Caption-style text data
====
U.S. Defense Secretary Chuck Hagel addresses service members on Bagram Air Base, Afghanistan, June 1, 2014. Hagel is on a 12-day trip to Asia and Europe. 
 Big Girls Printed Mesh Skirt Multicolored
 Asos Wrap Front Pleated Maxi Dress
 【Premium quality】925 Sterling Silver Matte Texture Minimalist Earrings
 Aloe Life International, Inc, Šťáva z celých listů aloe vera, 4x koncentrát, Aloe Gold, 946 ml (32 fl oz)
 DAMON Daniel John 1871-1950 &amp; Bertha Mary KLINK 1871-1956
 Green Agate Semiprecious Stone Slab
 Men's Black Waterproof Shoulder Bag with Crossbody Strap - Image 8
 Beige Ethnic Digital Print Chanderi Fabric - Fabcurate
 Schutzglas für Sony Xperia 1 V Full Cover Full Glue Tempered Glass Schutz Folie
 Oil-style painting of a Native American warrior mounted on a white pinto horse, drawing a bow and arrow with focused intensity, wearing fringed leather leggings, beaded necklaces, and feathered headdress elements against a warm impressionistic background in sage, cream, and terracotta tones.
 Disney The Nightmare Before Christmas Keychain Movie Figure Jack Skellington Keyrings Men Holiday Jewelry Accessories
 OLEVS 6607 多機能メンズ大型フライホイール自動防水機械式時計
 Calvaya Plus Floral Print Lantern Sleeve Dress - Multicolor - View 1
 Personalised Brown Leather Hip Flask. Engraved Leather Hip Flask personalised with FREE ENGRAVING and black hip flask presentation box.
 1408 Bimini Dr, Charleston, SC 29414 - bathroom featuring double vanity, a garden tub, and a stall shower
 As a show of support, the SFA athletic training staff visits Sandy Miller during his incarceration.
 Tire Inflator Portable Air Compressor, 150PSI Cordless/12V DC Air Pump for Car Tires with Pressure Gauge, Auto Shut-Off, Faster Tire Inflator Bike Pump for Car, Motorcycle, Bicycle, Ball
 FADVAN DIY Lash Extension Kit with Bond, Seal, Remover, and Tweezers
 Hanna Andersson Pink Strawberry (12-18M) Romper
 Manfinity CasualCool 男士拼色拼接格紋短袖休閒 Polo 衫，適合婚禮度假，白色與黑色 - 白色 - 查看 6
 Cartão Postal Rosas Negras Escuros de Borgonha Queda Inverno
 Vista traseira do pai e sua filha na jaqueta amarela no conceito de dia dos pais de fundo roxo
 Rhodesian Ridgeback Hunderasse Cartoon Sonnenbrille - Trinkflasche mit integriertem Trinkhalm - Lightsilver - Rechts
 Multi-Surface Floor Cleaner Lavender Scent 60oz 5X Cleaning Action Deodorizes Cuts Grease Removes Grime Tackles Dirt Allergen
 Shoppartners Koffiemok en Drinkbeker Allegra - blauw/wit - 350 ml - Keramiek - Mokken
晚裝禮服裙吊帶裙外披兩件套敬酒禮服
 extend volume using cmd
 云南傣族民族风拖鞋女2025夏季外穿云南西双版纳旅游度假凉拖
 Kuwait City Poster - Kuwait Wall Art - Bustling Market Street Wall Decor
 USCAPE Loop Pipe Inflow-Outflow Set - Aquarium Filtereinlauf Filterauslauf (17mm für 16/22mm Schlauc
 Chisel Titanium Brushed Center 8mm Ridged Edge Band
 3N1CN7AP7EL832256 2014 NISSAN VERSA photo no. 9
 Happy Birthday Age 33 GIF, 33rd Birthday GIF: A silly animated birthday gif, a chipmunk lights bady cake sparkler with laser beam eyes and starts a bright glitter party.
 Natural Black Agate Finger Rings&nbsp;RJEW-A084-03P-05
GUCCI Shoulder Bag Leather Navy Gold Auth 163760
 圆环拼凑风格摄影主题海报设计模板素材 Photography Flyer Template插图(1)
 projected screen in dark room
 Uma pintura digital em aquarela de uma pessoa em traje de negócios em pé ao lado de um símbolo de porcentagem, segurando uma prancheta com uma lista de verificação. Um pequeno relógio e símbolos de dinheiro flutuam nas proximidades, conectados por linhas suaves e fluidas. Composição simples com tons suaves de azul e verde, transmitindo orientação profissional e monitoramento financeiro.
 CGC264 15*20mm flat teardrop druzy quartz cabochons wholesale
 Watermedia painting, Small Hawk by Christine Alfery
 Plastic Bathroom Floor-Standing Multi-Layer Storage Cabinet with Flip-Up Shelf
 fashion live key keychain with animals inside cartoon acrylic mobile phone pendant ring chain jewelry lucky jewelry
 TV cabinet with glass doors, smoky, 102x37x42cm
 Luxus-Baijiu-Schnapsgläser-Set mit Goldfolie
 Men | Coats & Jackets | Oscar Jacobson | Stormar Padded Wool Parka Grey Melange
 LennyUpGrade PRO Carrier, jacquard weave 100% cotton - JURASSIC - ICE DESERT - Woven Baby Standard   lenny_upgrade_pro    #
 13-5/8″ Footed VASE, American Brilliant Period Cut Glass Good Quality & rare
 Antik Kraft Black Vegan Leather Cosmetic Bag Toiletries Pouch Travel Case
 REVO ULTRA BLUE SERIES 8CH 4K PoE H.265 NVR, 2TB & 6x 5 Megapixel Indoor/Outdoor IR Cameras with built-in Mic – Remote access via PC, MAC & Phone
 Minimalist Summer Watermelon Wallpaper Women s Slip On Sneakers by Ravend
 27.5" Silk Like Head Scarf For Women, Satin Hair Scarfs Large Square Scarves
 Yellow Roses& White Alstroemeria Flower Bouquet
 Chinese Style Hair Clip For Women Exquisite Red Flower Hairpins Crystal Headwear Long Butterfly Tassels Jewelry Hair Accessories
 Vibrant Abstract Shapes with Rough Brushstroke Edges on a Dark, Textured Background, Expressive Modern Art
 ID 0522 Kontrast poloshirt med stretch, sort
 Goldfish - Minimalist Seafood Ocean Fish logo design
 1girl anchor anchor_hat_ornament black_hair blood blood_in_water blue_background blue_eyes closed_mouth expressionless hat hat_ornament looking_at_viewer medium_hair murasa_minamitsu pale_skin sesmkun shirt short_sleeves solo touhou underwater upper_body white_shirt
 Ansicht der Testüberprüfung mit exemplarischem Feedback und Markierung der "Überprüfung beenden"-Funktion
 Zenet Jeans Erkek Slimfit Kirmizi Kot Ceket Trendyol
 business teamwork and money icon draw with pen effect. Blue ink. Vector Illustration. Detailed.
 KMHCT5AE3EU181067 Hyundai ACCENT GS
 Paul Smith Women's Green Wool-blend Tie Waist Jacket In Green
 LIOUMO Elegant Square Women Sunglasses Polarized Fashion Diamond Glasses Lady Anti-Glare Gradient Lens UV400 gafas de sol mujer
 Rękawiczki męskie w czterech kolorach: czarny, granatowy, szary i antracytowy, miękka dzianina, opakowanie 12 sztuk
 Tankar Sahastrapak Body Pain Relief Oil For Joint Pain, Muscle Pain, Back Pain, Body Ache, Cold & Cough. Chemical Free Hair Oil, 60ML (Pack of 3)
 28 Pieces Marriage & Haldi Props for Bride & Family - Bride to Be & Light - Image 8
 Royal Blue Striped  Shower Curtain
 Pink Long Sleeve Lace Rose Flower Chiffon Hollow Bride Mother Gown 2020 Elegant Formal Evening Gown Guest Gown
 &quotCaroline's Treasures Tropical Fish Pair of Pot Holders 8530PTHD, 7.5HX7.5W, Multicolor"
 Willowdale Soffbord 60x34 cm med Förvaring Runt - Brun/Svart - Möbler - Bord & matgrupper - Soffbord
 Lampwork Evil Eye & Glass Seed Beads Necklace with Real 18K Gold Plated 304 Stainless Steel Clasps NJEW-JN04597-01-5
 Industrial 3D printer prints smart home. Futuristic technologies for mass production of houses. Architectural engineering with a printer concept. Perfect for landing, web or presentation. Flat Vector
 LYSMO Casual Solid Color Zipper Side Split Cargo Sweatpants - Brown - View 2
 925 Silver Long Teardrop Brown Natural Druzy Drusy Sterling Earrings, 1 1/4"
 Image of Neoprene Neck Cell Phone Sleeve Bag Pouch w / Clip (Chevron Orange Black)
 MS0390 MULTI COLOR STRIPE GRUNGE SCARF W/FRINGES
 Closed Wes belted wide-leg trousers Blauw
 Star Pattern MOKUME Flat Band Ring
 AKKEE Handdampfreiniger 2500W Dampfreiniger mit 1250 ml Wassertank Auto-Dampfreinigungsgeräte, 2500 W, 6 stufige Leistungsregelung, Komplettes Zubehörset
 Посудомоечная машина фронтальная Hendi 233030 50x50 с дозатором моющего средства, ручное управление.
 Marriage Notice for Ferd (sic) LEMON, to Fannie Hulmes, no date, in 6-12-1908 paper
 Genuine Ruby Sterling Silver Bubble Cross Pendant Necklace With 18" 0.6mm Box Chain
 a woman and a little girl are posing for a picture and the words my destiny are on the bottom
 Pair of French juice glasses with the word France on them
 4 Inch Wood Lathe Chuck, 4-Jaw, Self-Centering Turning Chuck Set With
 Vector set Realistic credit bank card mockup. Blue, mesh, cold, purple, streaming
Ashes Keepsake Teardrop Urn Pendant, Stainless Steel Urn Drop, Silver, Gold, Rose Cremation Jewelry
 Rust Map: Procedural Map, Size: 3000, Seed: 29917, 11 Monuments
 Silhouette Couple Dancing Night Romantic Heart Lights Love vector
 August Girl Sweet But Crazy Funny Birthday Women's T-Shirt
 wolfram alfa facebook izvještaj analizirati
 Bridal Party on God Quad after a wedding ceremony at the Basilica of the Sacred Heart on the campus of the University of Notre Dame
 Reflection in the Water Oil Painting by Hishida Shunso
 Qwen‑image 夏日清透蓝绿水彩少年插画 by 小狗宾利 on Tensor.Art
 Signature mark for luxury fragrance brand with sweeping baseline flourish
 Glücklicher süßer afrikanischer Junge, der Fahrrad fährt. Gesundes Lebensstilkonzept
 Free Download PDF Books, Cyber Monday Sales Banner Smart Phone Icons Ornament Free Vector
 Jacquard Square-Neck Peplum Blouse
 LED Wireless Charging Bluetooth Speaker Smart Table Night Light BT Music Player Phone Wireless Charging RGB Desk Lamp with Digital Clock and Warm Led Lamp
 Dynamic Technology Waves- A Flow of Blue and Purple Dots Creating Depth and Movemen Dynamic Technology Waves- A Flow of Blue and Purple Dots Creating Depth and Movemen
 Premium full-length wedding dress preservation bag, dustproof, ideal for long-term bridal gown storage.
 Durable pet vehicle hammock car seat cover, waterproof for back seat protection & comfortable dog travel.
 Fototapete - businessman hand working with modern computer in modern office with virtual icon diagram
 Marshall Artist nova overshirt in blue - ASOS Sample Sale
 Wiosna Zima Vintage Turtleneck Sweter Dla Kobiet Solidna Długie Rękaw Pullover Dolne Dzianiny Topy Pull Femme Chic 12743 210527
====
EXERCISE PROMPT — Write out exactly the lines that fall from the line with "Chinese Style Hair" to the line with "1girl anchor anchor_hat_ornament" in the records above, keeping both ends.

SOLUTION FOR THIS EXERCISE —
 Chinese Style Hair Clip For Women Exquisite Red Flower Hairpins Crystal Headwear Long Butterfly Tassels Jewelry Hair Accessories
 Vibrant Abstract Shapes with Rough Brushstroke Edges on a Dark, Textured Background, Expressive Modern Art
 ID 0522 Kontrast poloshirt med stretch, sort
 Goldfish - Minimalist Seafood Ocean Fish logo design
 1girl anchor anchor_hat_ornament black_hair blood blood_in_water blue_background blue_eyes closed_mouth expressionless hat hat_ornament looking_at_viewer medium_hair murasa_minamitsu pale_skin sesmkun shirt short_sleeves solo touhou underwater upper_body white_shirt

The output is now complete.